The six months we were part of the Coptic church in Egypt transformed us, one of those points in our lives where we diverged from who we had previously been into something altogether new. It was a phase of life in which every new experience overwhelmed us. I dwelled inside the memories in those moments sitting in the church with my family on Christmas Eve. I was transported to the stone walls of another church where my faith exploded into fresh places.
Nothing in my evangelical upbringing prepared me for seeing the demon-possessed woman writhing on the floor during the healing service at The Cave Church. My Western theology had no space for the quiet, yet forceful priest who commanded men in wheelchairs to stand. I watched in skepticism as thousands of people, Christian and Muslim alike, flooded through the village that housed all of Cairo’s garbage collectors and mounds of trash to the monastery hidden inside the recesses of Mokottam Mountain.

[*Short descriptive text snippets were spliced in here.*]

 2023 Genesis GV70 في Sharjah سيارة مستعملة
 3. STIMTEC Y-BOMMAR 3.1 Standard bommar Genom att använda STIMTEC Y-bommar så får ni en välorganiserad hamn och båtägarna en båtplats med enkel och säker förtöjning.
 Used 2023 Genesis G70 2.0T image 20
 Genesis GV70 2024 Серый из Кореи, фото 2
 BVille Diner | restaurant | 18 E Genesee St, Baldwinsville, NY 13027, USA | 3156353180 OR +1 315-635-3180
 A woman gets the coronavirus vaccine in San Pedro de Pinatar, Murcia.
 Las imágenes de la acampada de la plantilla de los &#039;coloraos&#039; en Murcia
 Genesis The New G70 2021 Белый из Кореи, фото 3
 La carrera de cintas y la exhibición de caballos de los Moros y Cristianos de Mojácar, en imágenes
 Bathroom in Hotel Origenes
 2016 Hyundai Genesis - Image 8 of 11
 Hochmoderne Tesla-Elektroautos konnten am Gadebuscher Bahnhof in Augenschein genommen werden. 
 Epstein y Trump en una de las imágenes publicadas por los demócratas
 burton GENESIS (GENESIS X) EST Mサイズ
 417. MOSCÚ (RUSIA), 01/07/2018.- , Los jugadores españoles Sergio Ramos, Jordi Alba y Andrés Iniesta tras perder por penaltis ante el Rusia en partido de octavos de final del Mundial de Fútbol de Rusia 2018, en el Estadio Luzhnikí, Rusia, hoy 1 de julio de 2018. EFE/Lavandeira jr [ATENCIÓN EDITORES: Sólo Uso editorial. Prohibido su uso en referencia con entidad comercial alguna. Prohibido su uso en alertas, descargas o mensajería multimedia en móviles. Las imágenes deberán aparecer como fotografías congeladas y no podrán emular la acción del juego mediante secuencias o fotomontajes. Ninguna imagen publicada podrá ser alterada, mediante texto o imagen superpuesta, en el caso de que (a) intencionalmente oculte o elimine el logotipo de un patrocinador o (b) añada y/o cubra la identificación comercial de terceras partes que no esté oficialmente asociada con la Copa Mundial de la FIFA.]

All skepticism evaporated like the smoke rising from the incense burners when I met Abouna Samaan, the man who the community called Father and who truly treated each person who came to him like a beloved child. A week after first meeting him we were on a bus with him and dozens of church members headed out into the desert to the retreat center under construction. Here we were, were two total outsiders, welcomed directly into the fold of the largest church in the Middle East.